Source information: Begin

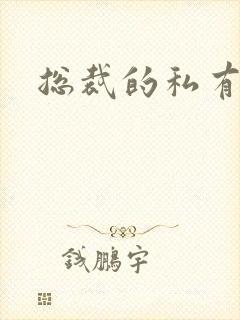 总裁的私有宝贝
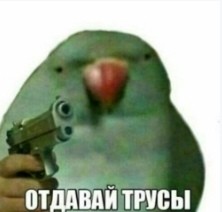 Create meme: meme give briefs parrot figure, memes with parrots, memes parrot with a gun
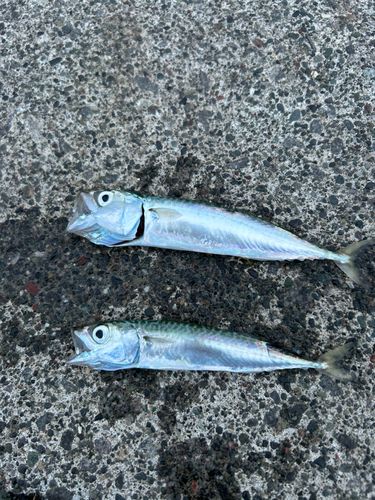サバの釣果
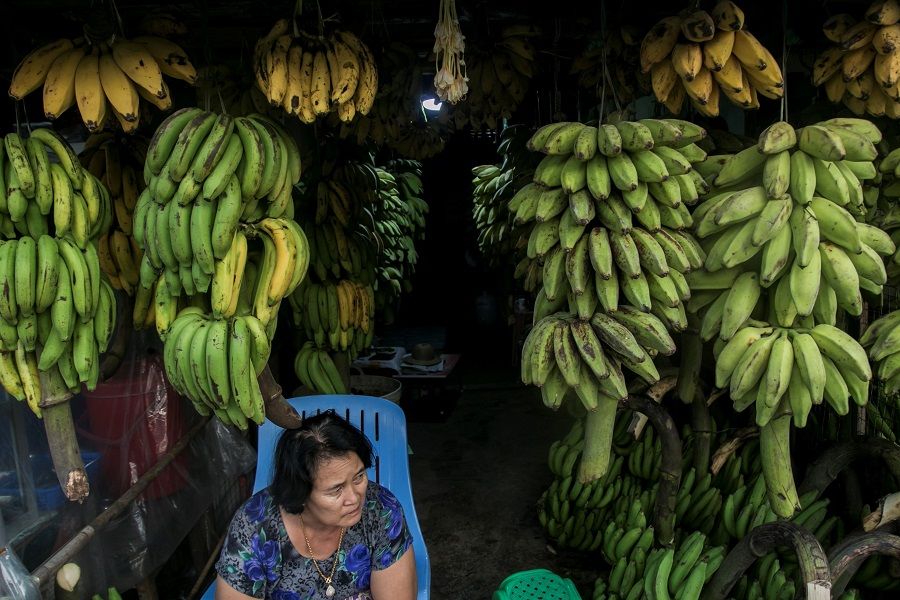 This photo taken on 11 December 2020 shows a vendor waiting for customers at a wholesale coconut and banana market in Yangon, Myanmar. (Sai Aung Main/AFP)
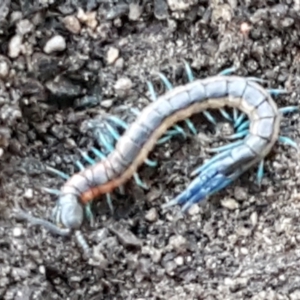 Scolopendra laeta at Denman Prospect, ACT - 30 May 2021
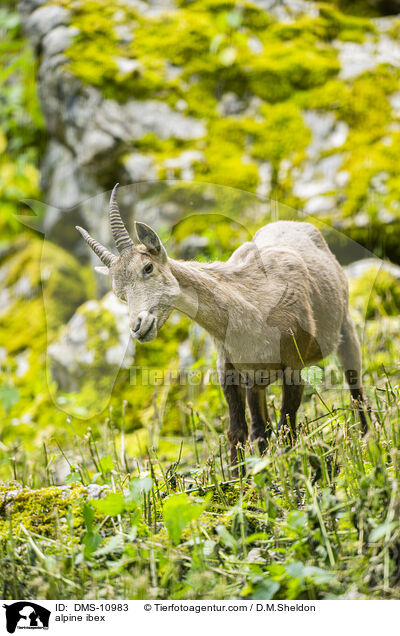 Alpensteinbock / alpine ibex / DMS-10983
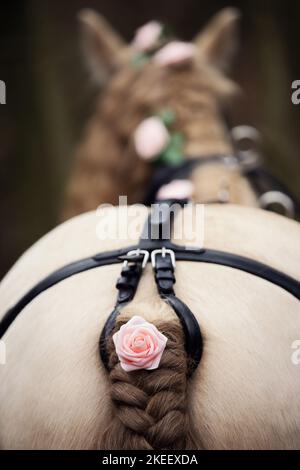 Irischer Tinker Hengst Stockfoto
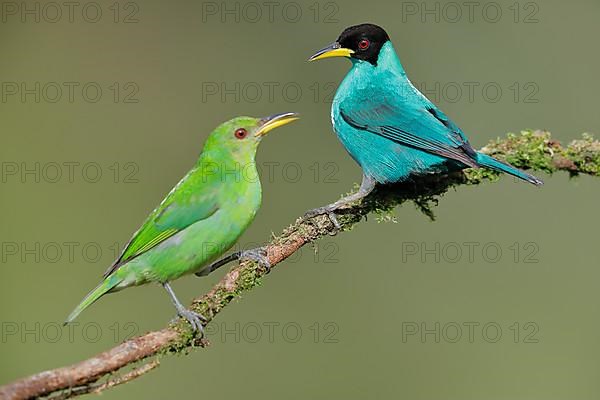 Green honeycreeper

Source information: End
Source information: Begin

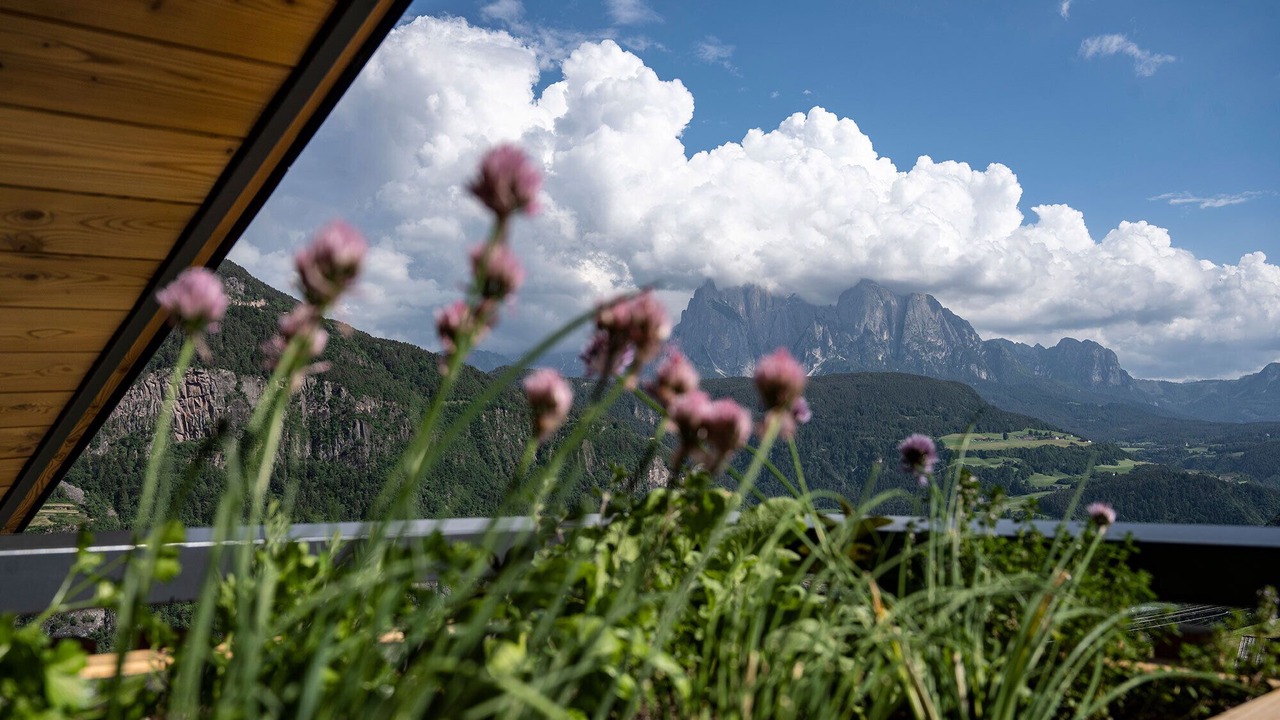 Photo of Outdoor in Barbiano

Source information: End

**Problem**
Copy exactly the lines of the entries above from the one containing "Scolopendra laeta at" through the one containing "Green honeycreeper". Both end lines count; pictures do not.

**Response area**
 Scolopendra laeta at Denman Prospect, ACT - 30 May 2021
 Alpensteinbock / alpine ibex / DMS-10983
 Irischer Tinker Hengst Stockfoto
 Green honeycreeper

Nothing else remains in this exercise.